-- Web page caption snippets --
════════

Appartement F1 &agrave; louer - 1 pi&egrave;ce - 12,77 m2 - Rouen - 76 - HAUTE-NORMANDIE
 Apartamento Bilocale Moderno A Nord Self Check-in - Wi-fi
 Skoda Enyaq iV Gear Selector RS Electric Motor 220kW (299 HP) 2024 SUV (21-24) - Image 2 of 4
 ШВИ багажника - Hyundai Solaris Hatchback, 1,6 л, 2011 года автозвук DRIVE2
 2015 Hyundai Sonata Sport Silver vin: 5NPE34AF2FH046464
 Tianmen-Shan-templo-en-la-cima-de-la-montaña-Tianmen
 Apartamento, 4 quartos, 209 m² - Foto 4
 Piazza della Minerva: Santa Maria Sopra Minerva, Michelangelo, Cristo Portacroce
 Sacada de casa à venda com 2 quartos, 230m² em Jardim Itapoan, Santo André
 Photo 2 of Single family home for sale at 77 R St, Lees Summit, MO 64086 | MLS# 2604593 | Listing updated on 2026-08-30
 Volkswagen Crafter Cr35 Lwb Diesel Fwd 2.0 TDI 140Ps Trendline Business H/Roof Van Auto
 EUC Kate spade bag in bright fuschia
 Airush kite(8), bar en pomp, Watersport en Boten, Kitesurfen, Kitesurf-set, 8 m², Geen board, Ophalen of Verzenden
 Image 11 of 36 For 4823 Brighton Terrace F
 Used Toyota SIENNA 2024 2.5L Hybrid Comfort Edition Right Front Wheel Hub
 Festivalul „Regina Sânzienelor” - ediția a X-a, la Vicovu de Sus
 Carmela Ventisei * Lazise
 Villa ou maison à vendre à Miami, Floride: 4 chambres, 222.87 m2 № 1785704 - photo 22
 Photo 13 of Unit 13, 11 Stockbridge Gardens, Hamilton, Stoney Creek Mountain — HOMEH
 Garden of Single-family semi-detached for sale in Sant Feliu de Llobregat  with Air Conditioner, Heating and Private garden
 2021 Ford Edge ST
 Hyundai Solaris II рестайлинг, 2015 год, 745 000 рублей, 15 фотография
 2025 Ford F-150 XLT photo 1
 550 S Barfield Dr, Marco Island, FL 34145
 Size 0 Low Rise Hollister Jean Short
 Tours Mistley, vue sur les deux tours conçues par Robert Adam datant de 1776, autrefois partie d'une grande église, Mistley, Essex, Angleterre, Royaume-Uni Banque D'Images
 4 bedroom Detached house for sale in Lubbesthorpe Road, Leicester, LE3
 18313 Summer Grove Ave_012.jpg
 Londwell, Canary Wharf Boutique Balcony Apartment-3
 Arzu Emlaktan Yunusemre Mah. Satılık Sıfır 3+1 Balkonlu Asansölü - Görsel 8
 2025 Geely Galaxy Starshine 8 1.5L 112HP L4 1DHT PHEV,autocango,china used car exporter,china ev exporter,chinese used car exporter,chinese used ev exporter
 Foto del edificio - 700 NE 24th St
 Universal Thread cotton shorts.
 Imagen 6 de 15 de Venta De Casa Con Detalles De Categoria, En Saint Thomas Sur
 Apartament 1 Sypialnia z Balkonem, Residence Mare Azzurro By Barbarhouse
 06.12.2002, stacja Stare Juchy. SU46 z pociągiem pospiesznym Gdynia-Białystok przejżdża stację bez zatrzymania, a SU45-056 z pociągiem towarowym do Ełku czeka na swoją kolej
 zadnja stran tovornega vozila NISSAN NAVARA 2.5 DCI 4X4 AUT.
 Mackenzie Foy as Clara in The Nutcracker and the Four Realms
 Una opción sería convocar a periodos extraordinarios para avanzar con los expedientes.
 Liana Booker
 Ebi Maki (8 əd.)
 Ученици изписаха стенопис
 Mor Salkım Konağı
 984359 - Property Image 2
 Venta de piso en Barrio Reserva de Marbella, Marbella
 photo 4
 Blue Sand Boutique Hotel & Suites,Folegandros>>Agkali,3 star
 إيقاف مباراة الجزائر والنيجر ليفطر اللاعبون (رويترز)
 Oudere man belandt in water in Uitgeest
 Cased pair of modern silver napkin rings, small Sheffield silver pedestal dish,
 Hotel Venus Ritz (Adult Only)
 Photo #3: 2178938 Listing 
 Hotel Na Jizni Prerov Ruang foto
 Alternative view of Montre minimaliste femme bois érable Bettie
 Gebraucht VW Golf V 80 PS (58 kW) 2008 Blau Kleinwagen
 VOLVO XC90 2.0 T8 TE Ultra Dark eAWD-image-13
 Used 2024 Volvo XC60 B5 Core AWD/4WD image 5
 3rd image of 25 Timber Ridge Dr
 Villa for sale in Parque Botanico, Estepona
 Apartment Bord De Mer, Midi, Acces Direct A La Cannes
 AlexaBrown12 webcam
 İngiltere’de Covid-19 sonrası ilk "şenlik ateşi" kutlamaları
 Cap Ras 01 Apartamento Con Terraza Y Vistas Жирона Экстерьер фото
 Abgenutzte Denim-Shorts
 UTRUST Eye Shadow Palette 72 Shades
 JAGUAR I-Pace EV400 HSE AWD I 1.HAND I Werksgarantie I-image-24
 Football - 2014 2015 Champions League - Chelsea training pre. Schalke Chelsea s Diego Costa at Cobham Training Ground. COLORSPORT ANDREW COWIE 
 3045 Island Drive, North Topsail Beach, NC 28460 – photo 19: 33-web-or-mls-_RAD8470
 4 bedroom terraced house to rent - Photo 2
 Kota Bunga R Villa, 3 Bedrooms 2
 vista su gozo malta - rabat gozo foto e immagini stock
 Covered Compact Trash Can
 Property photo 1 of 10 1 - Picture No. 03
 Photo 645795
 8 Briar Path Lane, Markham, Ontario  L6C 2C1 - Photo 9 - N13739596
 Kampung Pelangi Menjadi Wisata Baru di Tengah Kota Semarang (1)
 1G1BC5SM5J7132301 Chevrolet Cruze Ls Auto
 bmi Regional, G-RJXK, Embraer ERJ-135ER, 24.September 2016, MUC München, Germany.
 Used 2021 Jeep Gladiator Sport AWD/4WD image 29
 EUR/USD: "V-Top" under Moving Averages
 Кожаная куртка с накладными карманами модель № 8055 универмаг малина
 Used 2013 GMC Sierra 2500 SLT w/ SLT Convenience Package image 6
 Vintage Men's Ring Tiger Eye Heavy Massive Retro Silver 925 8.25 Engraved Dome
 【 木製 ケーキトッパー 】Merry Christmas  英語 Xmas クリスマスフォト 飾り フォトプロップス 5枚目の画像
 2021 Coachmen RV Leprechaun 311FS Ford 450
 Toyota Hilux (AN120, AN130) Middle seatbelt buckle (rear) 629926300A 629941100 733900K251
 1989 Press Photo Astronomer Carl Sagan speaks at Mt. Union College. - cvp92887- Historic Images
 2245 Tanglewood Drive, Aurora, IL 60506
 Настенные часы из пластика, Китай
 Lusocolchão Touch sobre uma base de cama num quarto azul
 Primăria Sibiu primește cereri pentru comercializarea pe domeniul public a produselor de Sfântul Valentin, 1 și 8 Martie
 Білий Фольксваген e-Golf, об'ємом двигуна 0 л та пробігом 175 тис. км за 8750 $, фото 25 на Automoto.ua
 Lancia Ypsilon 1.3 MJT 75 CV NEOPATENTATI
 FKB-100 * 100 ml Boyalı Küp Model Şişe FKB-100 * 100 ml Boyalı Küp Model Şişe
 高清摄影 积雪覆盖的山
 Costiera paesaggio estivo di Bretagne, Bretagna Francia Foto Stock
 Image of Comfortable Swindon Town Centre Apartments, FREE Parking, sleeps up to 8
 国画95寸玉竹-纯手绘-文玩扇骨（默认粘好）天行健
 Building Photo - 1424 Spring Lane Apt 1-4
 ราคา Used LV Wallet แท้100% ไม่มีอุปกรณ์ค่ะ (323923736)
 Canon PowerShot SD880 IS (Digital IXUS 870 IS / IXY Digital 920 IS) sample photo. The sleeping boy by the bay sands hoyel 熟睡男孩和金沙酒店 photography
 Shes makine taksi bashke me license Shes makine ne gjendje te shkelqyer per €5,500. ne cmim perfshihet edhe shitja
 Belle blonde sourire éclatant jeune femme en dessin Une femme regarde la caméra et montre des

════════

-- Task description --
Copy every line above that holds the word "Apartamento".

-- Result of this exercise --
 Apartamento Bilocale Moderno A Nord Self Check-in - Wi-fi
 Apartamento, 4 quartos, 209 m² - Foto 4
 Cap Ras 01 Apartamento Con Terraza Y Vistas Жирона Экстерьер фото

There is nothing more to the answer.